Directed by Paul McGuigan Starring Josh Hartnett, Rose Byrne, Diane Kruger and Matthew Lillard

Reviewed by Martin Tsai

Despite its stylish appearance and engaging plot, Wicker Park unwittingly falls into the common traps that encumber most American remakes of foreign films. It is a by-the-numbers adaptation of Gilles Mimouni's 1996 French thriller L'Appartement, but unfortunately far too many elements here get lost in Hollywood translation.

Josh Hartnett stars as Matt, who spontaneously puts off an important business trip and a marriage proposal after a brush with a woman reminiscent of his old flame Lisa (Diane Kruger). He traces her using a hotel key she has left behind, which eventually leads him to a different woman (Rose Byrne) who claims that her name is also Lisa. It turns out that her name is really Alex, and she has an ulterior motive to keep Matt and Lisa apart. The jigsaw puzzle of a story weaves a web of obsession, and every character appears to be stalking someone else.

Fresh-faced Hartnett seems awkward in the lead role, which probably demands someone slightly older (think Vincent Cassel of the original). Essentially playing himself as always, Matthew Lillard somehow gives the most memorable performance in the film as Matt's best friend Luke.

Screenwriter Brandon Boyce substantially retains the characters and the scenes from L'Appartement, but inevitably simplifies and demystifies their complexity for North American consumption. He maintains the original's effective structure that constantly shifts time and perspective, and then patronizingly goes on to explain all the twists and turns to a degree that is totally unnecessary. In an attempt to dumb down the story further, Boyce sacrifices the original's murder-mystery subplot involving Lisa's widowed stalker. Although that character remains in the film, he has been reduced to relative insignificance.

Director Paul McGuigan infuses a few gracefully layered images, making even split-screens pleasing to the eye. But he ultimately utilizes this device too infrequently, despite the fact that it works wonders with the film's fragmented storytelling.

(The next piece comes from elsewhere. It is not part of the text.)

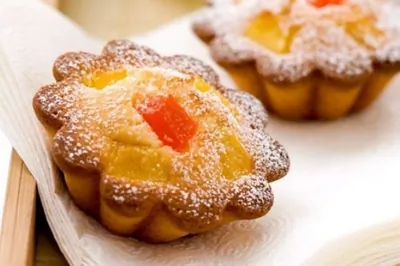 Кокосовые кексы с ананасом и папайей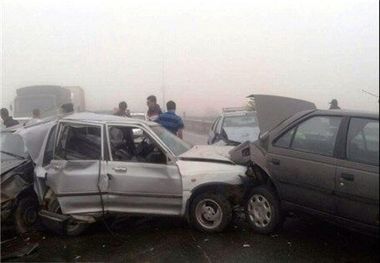 ۴۵ خودرو در سوانح جاده ای شهرستان ساوه با هم برخورد کردند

McGuigan seems to be on autopilot the rest of the time, duplicating scenarios from L'Appartement while completely missing the point. The original pays homage to Alfred Hitchcock classics such as Vertigo, Rear Window and Strangers on a Train and while some of those elements remain in Wicker Park, the director leaves an impression that he is oblivious to the Hitchcockian references in Mimouni's version. To make matters worse, the film blasts an ill-conceived pop-rock soundtrack with placid guitars slowly strumming away what little suspense remains.